| Task prompt |
Give back the full listing exactly as written.

START Source data

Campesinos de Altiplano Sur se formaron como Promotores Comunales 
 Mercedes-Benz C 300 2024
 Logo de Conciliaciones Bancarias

END Source data

| Result of this task |
Campesinos de Altiplano Sur se formaron como Promotores Comunales 
 Mercedes-Benz C 300 2024
 Logo de Conciliaciones Bancarias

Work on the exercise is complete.